■ **SUPPLIED INFORMATION**:
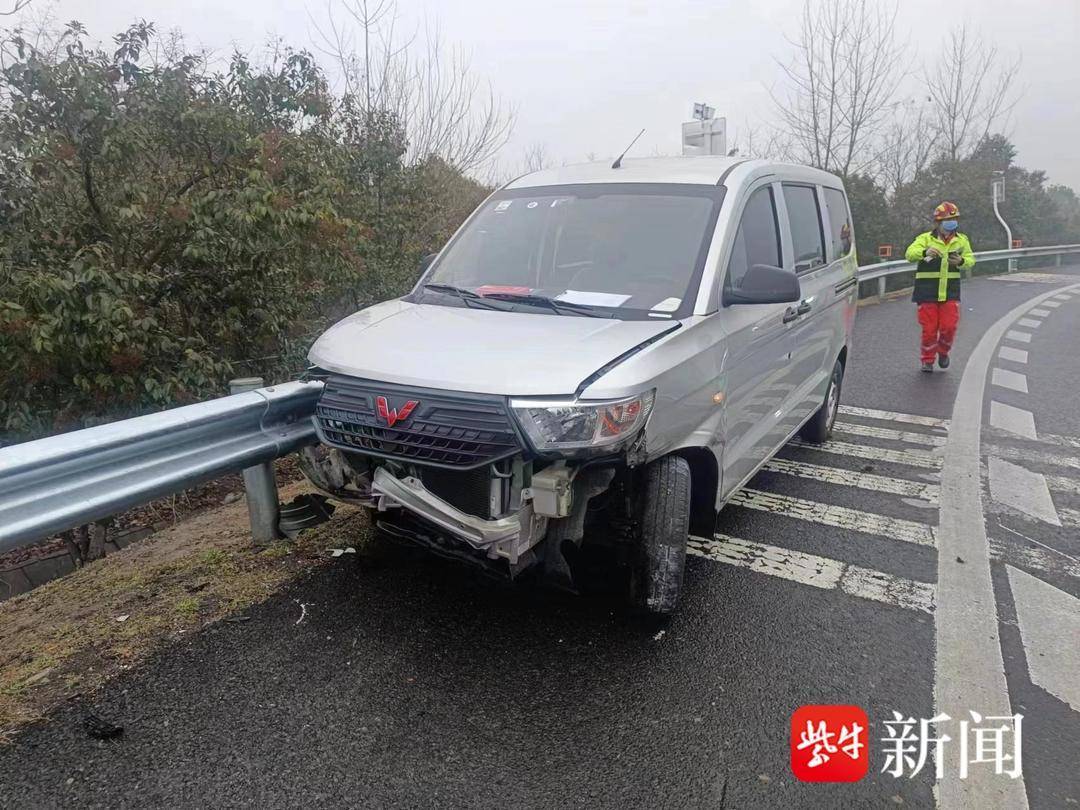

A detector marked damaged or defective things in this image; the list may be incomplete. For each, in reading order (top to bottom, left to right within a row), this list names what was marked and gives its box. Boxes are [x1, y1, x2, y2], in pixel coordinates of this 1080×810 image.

damaged silver minivan [300, 156, 856, 612]
broken headlight [510, 390, 652, 452]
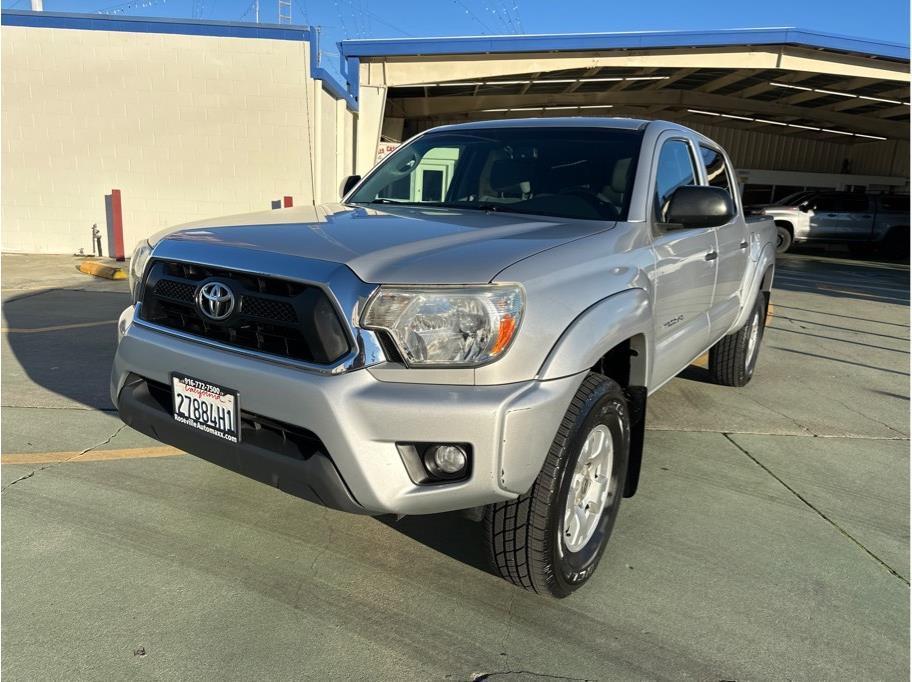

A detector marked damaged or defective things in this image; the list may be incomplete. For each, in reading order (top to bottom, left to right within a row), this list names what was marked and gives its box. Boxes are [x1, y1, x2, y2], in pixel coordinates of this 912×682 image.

concrete crack [2, 420, 126, 488]
concrete crack [724, 430, 908, 584]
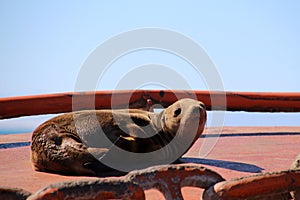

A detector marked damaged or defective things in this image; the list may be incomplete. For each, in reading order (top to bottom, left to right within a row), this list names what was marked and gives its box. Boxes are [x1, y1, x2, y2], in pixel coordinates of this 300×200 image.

rusty metal surface [0, 90, 300, 119]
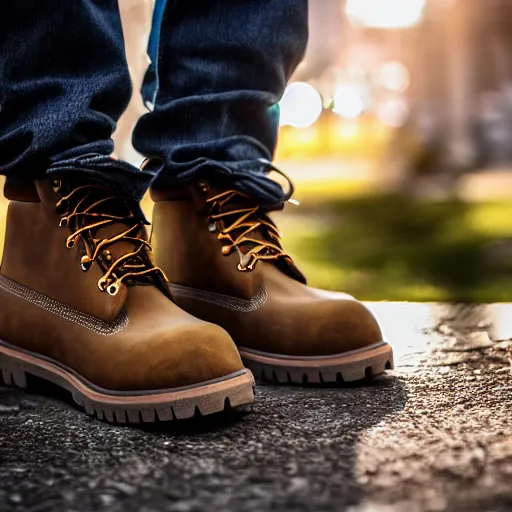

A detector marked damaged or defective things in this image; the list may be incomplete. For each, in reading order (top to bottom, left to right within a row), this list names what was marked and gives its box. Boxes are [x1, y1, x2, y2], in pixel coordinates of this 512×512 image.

cracked pavement texture [1, 304, 512, 512]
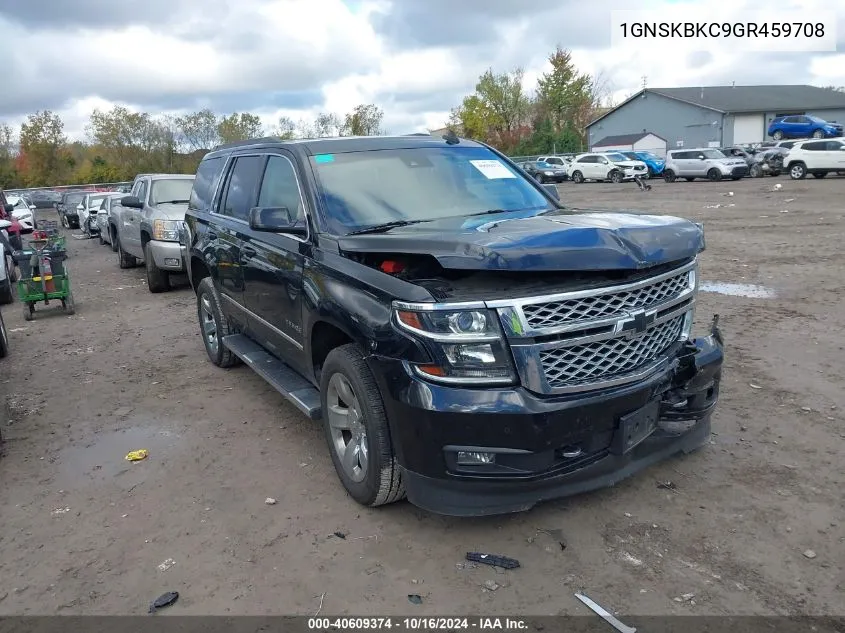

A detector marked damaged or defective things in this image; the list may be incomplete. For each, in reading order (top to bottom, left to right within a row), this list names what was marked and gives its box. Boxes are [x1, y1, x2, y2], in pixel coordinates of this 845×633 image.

crumpled hood [154, 204, 190, 223]
crumpled hood [338, 210, 704, 270]
broken bumper cover [372, 316, 724, 512]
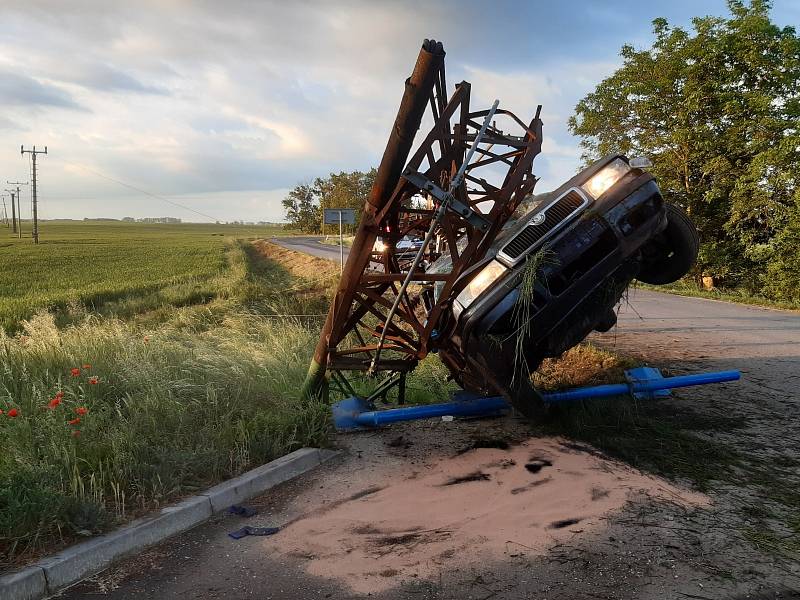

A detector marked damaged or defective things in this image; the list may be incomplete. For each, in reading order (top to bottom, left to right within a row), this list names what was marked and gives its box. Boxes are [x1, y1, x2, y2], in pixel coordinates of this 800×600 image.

■ **EXERCISE AIM**:
Transcribe each record exactly as it stands, setting aside any pictures.

■ **RESPONSE**:
A detector marked damaged or defective things in this image; the list may be incomplete. For each, in reading order (top to bottom, left to right within a row), this list names what was marked and gives its box. Boxes are [x1, y1, x2, y2], in pixel coordinates of this 1080×810 image.

damaged silver minivan [300, 156, 856, 612]
broken headlight [510, 390, 652, 452]

A detector marked damaged or defective things in this image; the list may be incomplete. For each, in reading order (top to bottom, left to right within a row), this list names what was marked and gives its box. Boxes are [x1, y1, x2, y2], in pixel coordinates of this 912×682 image.

concrete crack [2, 420, 126, 488]
concrete crack [724, 430, 908, 584]

A detector marked damaged or defective things in this image; the list may be incomplete. For each, in reading order (top to bottom, left to right within a row), this list names what was marked and gives its box. Boxes are [x1, y1, x2, y2], in pixel coordinates of this 300×200 image.

rusty metal surface [0, 90, 300, 119]

A detector marked damaged or defective things in this image; the list may be incomplete. For each, in reading order (top to bottom, left to right within a row), this list names what was marked and gives its box. Boxes are [x1, y1, x2, y2], in pixel coordinates of this 512×512 image.

cracked pavement texture [1, 304, 512, 512]

A detector marked damaged or defective things in this image; the list may be incomplete. For each, in reading order (top to bottom, left to right within a row), this list names what was marked and gives its box. Boxes are [x1, y1, x2, y2], in pixel coordinates of this 845×633 image.

crumpled hood [154, 204, 190, 223]
crumpled hood [338, 210, 704, 270]
broken bumper cover [372, 316, 724, 512]

A detector marked damaged or defective things in this image; the list may be incomplete. For each, in reading order (top to bottom, left to right within a row), this list names what was marked and gives its box. Boxes are [x1, y1, x2, y2], in pixel coordinates of this 800×600 image.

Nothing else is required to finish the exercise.